Sin dai tempi di Delors, vi era stato un ampio consenso sulla necessità di sforzi e azioni a livello dell’UE volte a prevenire gravi squilibri economici e sociali derivanti dall’apertura del mercato. Accanto all’acquis sociale, il principale strumento a tal fine è la politica di coesione dell’UE: i fondi dell’UE erano stati concepiti per aiutare le regioni e i paesi meno sviluppati ad adeguarsi all’eliminazione delle barriere di mercato. Questo ruolo della politica di coesione, oggi, piuttosto che abbandonato, va rivisto e riadattato, da un lato, all’esigenza di finanziare settori strategicamente innovativi e, dall’altro, di proteggere i territori e i cittadini europei dai mutamenti e dalla transizioni in atto.

La gestione concorrente e la governance multilivello – caratteristiche peculiari delle politiche di coesione – già garantiscono il coinvolgimento attivo delle autorità regionali, locali e territoriali, delle parti sociali e della società civile. Tuttavia, per una politica realmente basata sul territorio, sulle persone e orientata al futuro è necessario intervenire a rafforzare la sua capacità di investire sulla promozione della trasformazione regionale e locale e sulla capacità di “sfruttamento” del potenziale e delle opportunità. La riforma della coesione dovrebbe puntare al rafforzamento (non allo svilimento) della dimensione territoriale, per indirizzare meglio gli investimenti e allineare interventi e investimenti alle condizioni locali e alle sfide europee.

Dovrebbe, d’altro canto, evolversi anche in politica proattiva, rompere la percezione di una politica che offre sostegno o compensazione e puntare alla mobilitazione del potenziale e delle risorse per lo sviluppo economico e la competitività, anzitutto nelle regioni meno sviluppate e più vulnerabili. Evolvere da politica “redistributiva”, a strumento capace di generare effetti moltiplicatori, in cui il rafforzamento delle economie locali sappia concretamente promuovere la vitalità economica complessiva dell’Unione. Tale evoluzione dovrebbe andare di pari passo con la definizione di strategie di investimento differenziate, adattate alle esigenze specifiche delle Regioni e dei territori, senza concentrarsi esclusivamente su strategie di “eccellenza”, e, di conseguenza, evitando il rischio di indirizzare investimenti esclusivamente in regioni già sviluppate e di polarizzare ulteriormente le economie.

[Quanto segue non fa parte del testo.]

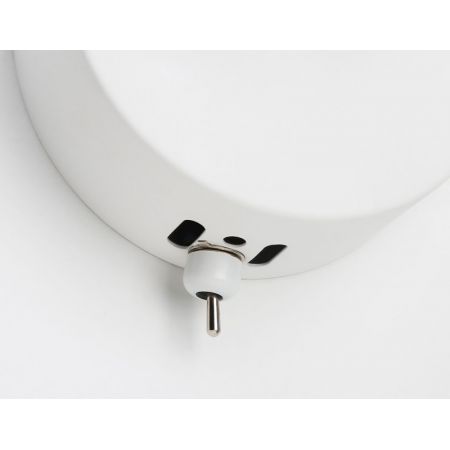 Бра Ambrella Light FA3871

Questo implica una politica di coesione riformata, che sappia meglio indirizzare e accompagnare una trasformazione che parta dal livello locale: a partire dalle unicità, dai punti di forza e dal potenziale territoriale, sostenere la diversificazione delle opportunità, per calibrare gli interventi. Una politica che promuova l’innovazione e la diversificazione, capace cioè di adattare le strategie di sviluppo per mettere le diverse realtà territoriali sulla strada del cambiamento, a partire dal livello di specializzazione esistente e puntando sui vantaggi comparativi. Una politica che sia anche veicolo di cambiamento per sostenere le regioni a reinventarsi – anche attraverso collegamenti e collaborazioni interregionali – permettendo loro di sperimentare ambiti e concentrarsi su settori in grado di spingere le innovazioni, in particolare quando i settori tradizionali mostrano segni di esaurimento o di perdita di appeal.

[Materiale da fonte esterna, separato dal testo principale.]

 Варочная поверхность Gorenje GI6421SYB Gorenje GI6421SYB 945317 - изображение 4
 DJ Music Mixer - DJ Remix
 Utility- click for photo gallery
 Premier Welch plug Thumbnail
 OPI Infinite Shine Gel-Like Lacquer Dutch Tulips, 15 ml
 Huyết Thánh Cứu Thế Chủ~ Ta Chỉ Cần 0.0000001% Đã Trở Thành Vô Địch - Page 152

La piattaforma STEP rappresenta un anticipo del futuro delle politiche di investimento in Europa, sia per come è stata pensata a livello europeo, sia per come viene chiesto alle regioni di attuarla. Obiettivi e strumenti altamente sfidanti, anzitutto per i potenziali beneficiari che, per coglierne le opportunità, saranno chiamati a rivedere logiche di investimento tradizionali e la natura stessa del loro agire, per proiettarsi in una dimensione globale più ampia e competitiva. L’alternativa è continuare a “sopravvivere” nel recinto sempre più angusto di una comfort zone locale che, presto o tardi, sarà spazzato via da una concorrenza globale, contro cui risulteranno vane barriere protezionistiche o chiusure corporative.